Pregai che qualcuno ci parlasse ma la risposta fu ancora del rumore bianco che copriva una voce troppo bassa e confusa.

"mi ricevete?!" insistette ma da quel punto in poi ci fu solo silenzio.

Abbassai la testa mentre lei imprecando si mosse prima a destra, poi a sinistra in cerca di un punto dove la sua ricetrasmittente prendesse.

Ma probabilmente era stata danneggiata durante l'impatto.

Con l'umore sotto i piedi facemmo altri due minuti di pausa per poi tornare a camminare sempre più affaticati e nonostante il tempo passava difronte a noi non vi era che deserto a perdita d'occhio, fu demoralizzante, mi aspettai ad un certo punto di poter intravedere uno scorcio di civiltà ma poi questo non accadeva e le energie per trasportare Glauco, aldilà delle motivazioni, era sempre meno.

Facevamo una ventina di metri e poi ci fermavamo. A quel ritmo saremmo morti per un insolazione ancor prima di raggiungere El beru Hagia. Non c'erano molte possibilità se non quella di essere trovati da una squadra di ricerca. Il fatto di non avere fede in un dio mi debilitava perché in quei momenti così disperati non avevo niente a cui fare affidamento se non me stessa. Ma "me stessa" era umana e le sue gambe cedettero.

Fu così che il deserto mi sconfisse, trascinai Glauco con me e il mio viso si appiccicò al suolo.

Boccheggiavo come un pesce fuor d'acqua, stanca morta mente della sabbia volava via leggermente ad ogni respiro.

Alyssa cadde prima sulle ginocchia poi si mise praticamente a quattro zampe.

Le gambe non rispondevano ai miei comandi, bruciavano e formicola ano e per quanto mi pregavo si sollevarmi, il mio corpo era pietrificato. Sentivo che un singolo movimento delle gambe avrebbe potuto causarmi forti dolori.

"andatevene" ansimò Glauco. Io girai gli occhi per guardarlo male.

"caporale Mazzoli, per portarmi con voi... lei e il sergente Clovet state morendo, è vero... voglio, voglio vedere la mia ragazza... ma per questo non mi sento di condannare anche voi due" fece fatica a parlare, più di una volta si dovette fermare a respirare.

Alyssa si sollevò e mi domandò di tradurre, lei esalò un lungo sospiro abbassando le spalle.

"è brutto da dire, farò la parte della stronza ma.. Ha ragione" quelle

Parole fecero molto più male del dovuto visto che a proferire fu la donna che più stimavo in vita mia.

Mi raccolsi cercando quanto meno di sedermi e per farlo dovetti ignorare il dolore che invadeva il mio corpo a partire dalle gambe.

"non puoi dire che ha ragione, che persona sei se lo lasci qui a morire?!" sbottai e lei diventò rossa in viso.

"L'ho portato sulla mia spalla come fosse un fratello, ho fatto chilometri affaticandomi esattamente come te, potevo fregarmene ma sono rimasta ad aiutarvi"

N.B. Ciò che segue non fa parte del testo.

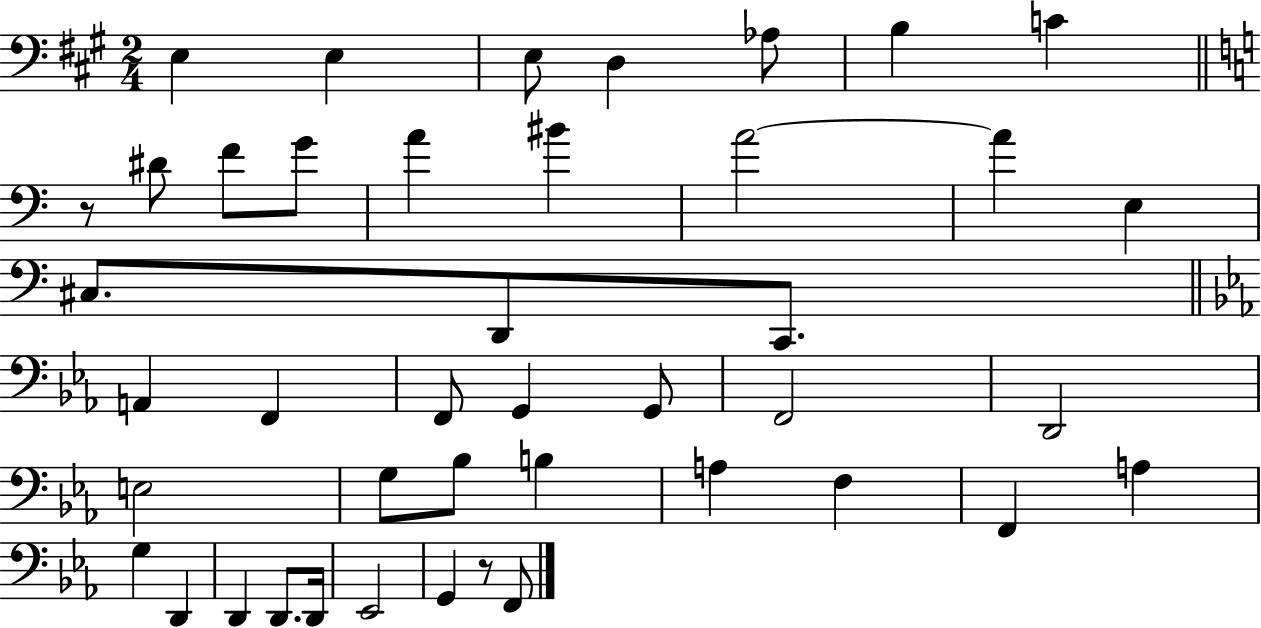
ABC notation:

X:1
T:Untitled
M:2/4
L:1/4
K:A
E, E, E,/2 D, _A,/2 B, C z/2 ^D/2 F/2 G/2 A ^B A2 A E, ^C,/2 D,,/2 C,,/2 A,, F,, F,,/2 G,, G,,/2 F,,2 D,,2 E,2 G,/2 _B,/2 B, A, F, F,, A, G, D,, D,, D,,/2 D,,/4 _E,,2 G,, z/2 F,,/2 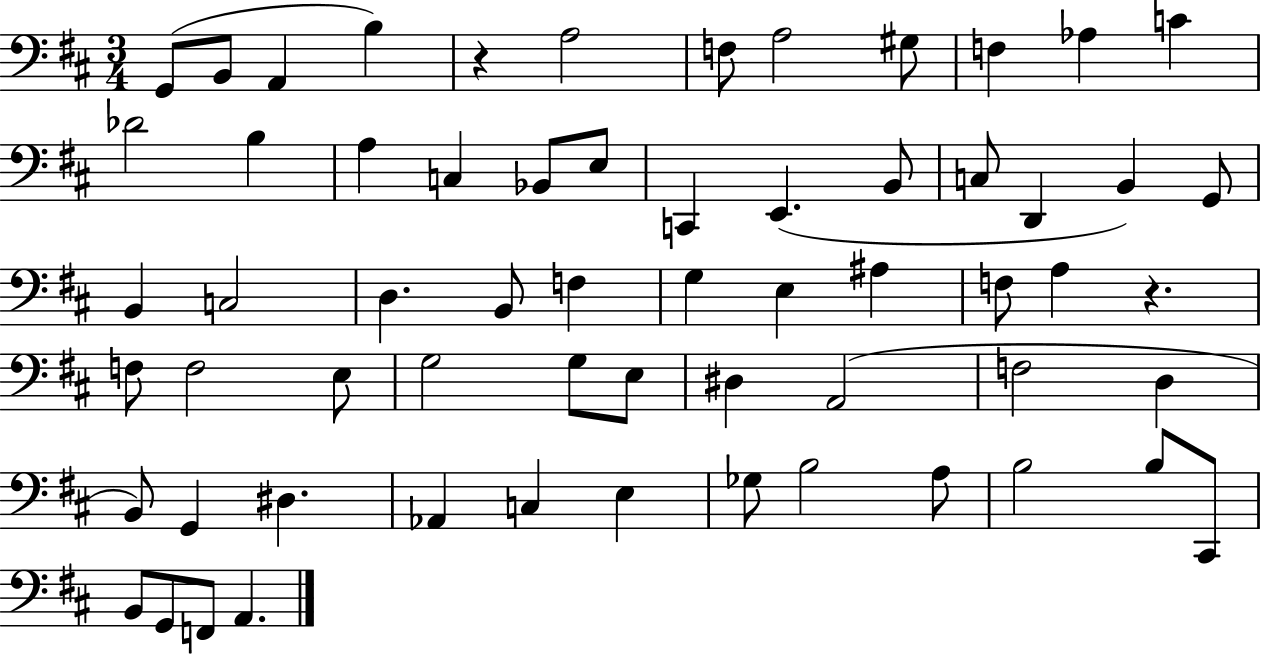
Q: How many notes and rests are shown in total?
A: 62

Stavo dimenticando che in casi estremi, l'istinto di conservazione prendeva il sopravvento su qualsiasi altro pensiero e che la donna difronte a me aveva una figlia. Tutti però avevamo da perdere.

Restai a fissarla, per qualche secondo non staccai i miei occhi dai suoi mente stringevo i denti tra loro.

Indicai Glauco con un braccio teso.

"ma se lo lascio qui muore, che razza di persona sarei se facessi una cosa simile!" urlai in faccia all'Americana. Dovetti poi abbassare lo sguardo quando mi sentii afferrare il polso.

"santi elisa, io apprezzo quello che stai dicendo, ma sei una persona, smettila di fare l'eroina, cosa ci diceva il sergente Marti?" domandò lui.

Sospirai dando un pugno al suolo.

"non voglio dei rambo mancati e gente che pensa di fare l'eroe nella mia squadra" risposi seccata.

"quindi perché stai facendo l'eroe? Sei una persona prima di un caporale, capisci che se resti qui muori anche tu? Pensi che in paradiso poi potrò guardarti in faccia?".
Non avevo davvero idea di cosa fare, quale decisione prendere, guardai verso l'orizzonte e poi il mio sniper che mi fece cenno di si con la testa. Tutto stava ad una mia scelta.